• [Task brief] Search the records for the word "Fitness" and pick out every line that has it.

• [Provided data]
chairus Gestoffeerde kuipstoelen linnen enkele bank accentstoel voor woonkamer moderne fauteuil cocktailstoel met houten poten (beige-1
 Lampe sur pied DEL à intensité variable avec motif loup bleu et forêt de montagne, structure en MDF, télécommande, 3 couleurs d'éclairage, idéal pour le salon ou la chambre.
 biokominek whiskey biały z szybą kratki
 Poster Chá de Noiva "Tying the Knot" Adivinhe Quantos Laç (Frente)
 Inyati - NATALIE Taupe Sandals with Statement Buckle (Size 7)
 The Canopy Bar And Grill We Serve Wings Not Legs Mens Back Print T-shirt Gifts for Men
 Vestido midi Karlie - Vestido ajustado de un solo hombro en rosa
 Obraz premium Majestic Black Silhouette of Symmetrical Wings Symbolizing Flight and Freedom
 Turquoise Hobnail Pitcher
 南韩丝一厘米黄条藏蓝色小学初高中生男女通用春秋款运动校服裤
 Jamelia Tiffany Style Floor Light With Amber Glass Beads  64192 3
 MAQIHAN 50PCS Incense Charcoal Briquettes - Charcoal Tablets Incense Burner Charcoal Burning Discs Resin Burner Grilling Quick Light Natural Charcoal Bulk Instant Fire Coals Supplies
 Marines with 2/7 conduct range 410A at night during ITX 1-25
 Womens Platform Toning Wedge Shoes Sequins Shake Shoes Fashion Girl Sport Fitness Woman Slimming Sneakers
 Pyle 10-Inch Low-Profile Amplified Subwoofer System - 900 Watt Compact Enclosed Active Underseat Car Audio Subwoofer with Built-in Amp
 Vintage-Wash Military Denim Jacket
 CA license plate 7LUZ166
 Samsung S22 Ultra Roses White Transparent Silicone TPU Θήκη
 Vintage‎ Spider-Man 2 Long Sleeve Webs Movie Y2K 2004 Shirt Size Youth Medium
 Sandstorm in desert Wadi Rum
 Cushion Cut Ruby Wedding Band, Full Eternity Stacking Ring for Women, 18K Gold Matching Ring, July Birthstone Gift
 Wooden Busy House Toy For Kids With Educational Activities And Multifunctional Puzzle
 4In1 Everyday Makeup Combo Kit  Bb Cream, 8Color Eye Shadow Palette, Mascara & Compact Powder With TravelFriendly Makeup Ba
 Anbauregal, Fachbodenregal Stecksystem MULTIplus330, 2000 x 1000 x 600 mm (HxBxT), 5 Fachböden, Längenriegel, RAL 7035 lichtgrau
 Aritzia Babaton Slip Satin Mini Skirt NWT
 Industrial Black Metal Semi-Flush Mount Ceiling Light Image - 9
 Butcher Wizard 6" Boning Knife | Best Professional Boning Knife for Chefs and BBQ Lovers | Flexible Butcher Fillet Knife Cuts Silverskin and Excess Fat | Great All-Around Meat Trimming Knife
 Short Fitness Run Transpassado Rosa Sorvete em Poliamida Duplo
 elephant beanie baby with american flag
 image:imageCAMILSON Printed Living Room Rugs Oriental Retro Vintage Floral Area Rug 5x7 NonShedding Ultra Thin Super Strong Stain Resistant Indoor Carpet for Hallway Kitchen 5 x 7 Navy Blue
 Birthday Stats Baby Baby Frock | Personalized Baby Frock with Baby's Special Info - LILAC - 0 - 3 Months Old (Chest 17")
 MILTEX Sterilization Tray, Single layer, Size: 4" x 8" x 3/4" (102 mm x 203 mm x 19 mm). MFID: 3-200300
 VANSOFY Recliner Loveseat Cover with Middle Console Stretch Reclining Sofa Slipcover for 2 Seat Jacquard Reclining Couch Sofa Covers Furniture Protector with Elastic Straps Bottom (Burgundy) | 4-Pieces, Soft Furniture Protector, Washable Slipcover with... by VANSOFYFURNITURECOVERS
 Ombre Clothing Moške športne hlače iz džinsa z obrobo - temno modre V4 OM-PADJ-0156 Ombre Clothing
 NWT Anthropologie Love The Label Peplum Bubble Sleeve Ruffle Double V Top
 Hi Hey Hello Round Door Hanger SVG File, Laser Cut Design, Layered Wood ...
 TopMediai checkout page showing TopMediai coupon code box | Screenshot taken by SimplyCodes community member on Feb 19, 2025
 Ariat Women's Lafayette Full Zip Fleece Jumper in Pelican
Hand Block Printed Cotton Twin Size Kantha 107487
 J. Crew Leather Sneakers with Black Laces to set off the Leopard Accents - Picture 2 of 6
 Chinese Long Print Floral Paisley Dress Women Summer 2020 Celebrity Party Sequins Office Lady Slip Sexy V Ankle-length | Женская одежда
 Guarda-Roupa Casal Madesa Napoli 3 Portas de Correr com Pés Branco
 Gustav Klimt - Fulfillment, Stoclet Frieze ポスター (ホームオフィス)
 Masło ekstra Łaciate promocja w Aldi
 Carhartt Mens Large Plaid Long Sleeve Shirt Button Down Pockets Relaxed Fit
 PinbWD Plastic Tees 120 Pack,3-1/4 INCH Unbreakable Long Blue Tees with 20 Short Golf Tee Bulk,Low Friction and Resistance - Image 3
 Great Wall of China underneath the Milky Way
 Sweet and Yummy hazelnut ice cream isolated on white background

• [Answer box]
 Womens Platform Toning Wedge Shoes Sequins Shake Shoes Fashion Girl Sport Fitness Woman Slimming Sneakers
 Short Fitness Run Transpassado Rosa Sorvete em Poliamida Duplo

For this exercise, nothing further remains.